Classic Casual focuses on outdoor furniture
by Annemarie Mannion -- Casual Living, 9/1/2008 12:00:00 AM
When John Adolf purchased Classic Casual Furniture in Clarendon Hills, Ill., he had an idea of building a funeral home on a site next to the store. His plan was eventually replaced by outdoor living.
For various reasons, the funeral home never materialized and a garden center on the adjacent site no longer exists. But the outdoor furniture store Adolf purchased in 1982 continues to flourish. It is now run by Adolf's son, Bernie, who got into the business after graduating from college.
One of the store's most successful events, a spring tent sale, is held on a concrete pad that had been part of the garden center. This outdoor area also is furnished with a stone pergola, an outdoor grill, a fire pit and is landscaped with towering trees and bushes.
Bernie Adolf said his four-person sales staff often invites customers to this space to see how the furniture they are considering will look in their homes.
“We're trying to give them ideas of what they can do with their homes,” Adolf said. “It gives them a different perspective.”
The two-story store has floor-to-ceiling glass windows and two on-site warehouses. The store is a bright, welcoming place with various furniture lines including Tropitone, Lloyd/Flanders, Poly-Wood, Gloster and Brown Jordan.
A row of brightly colored adirondack-style chairs from Poly-Wood recently lined the front window, representing a trend toward vibrant hues in patio furniture.
Adolf said the chairs, in colors of red, blue and orange, have been popular among customers who own homes that call for a more casual, fun feel.

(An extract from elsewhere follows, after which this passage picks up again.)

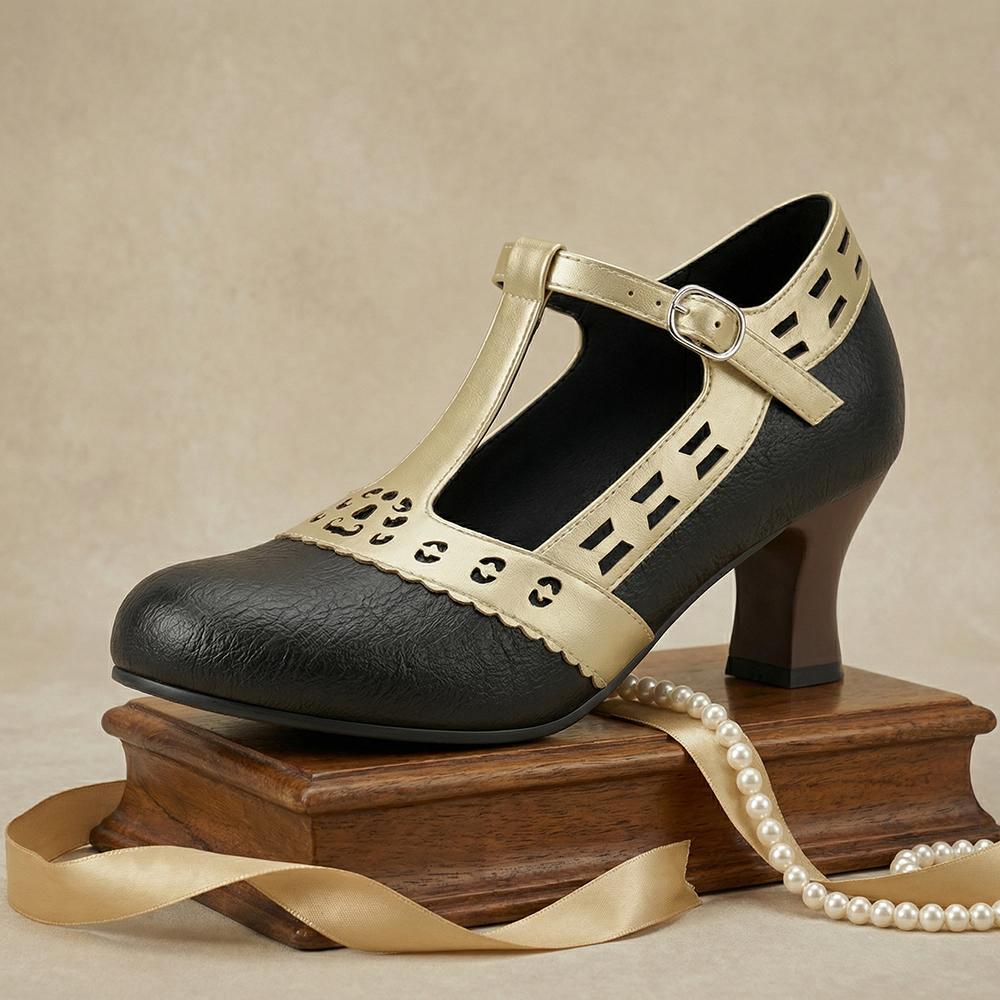 Женские Туфли-лодочки на ремешке-Т Киттен Хиллс Вырезанные из ПУ Обувь Маленькие Большие Размеры 32 50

“A lot of people with summer homes like it,” he said. “You can power wash it and it won't chip.” The furniture, which is partially made from recycled milk cartons, also appeals to customers who are environmentally conscious.
Still, brown and black continue to be the store's best-selling colors.

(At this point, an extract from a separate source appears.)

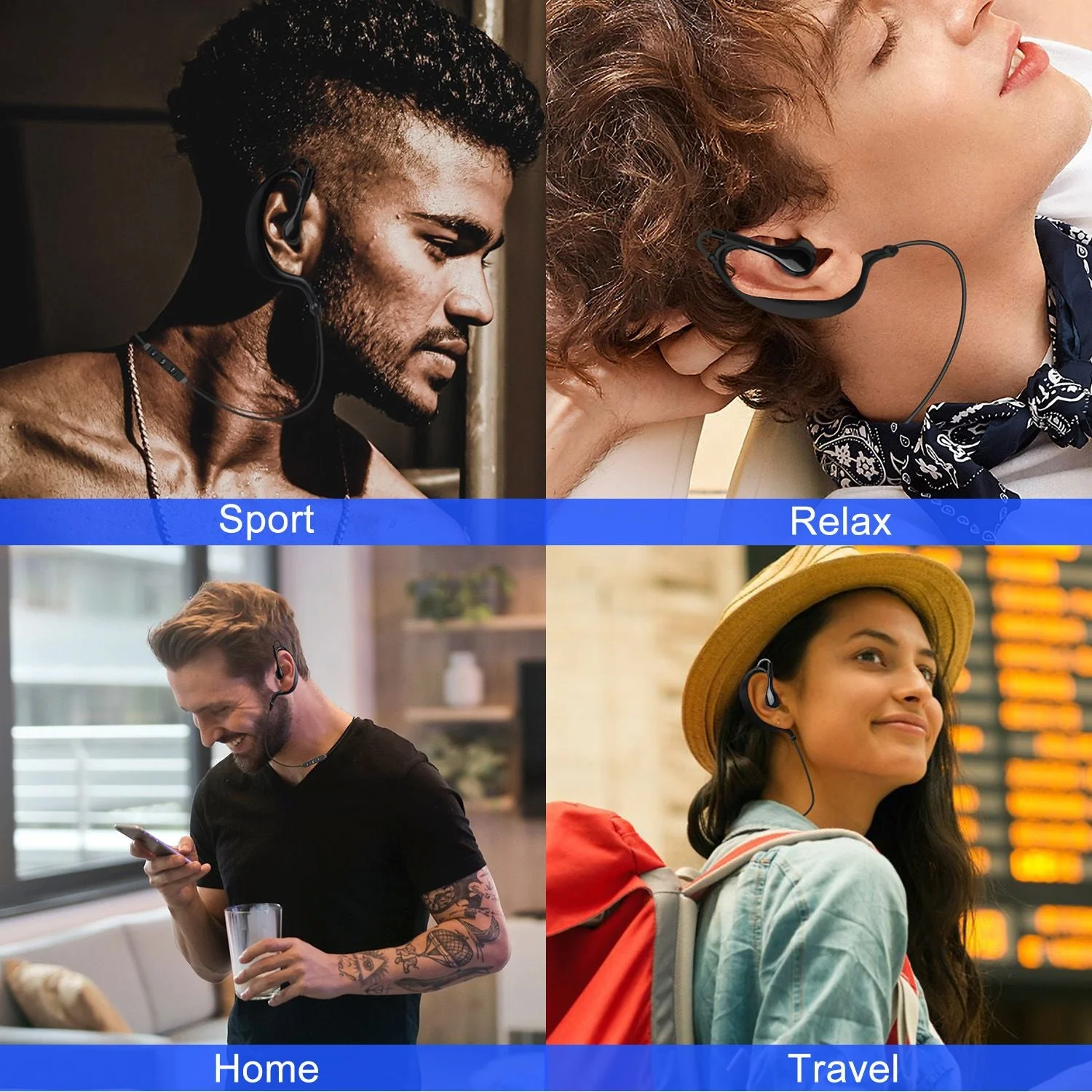 Wireless Headsets V4.1 Sport In-Ear Stereo Headphones Sweat-proof Neckband Earbuds - Image 22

Other trends he sees are seating with thick cushions and chairs that swivel or bounce.
“It's a comforting thing to be able to bounce or move (in a chair),” Adolf said.
In the tight economy, Adolph said the tent sale has become one of the store's best advertisements.

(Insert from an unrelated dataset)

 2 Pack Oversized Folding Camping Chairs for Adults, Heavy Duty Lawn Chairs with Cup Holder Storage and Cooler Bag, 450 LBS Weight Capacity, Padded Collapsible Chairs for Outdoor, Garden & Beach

People who come to the tent sale for discounted furniture that the store no longer carries often end up buying from current lines because they want to special order finishes or fabric colors.
Due to its longevity and emphasis on customer service, repeat business is a big factor at the store.
“We've got people who bought things 15 years ago who come in to replace it or they are giving it to their children and want something new. Or, their children are coming in to buy,” Adolf said.
He described the store's customer service “as white glove service. We deliver the furniture blanket wrapped. We even take their old stuff away.”
He charges a minimum fee of $75 for delivery, but said most customers are willing to pay it.
“People who have the income want the hassle factor taken out,” he said.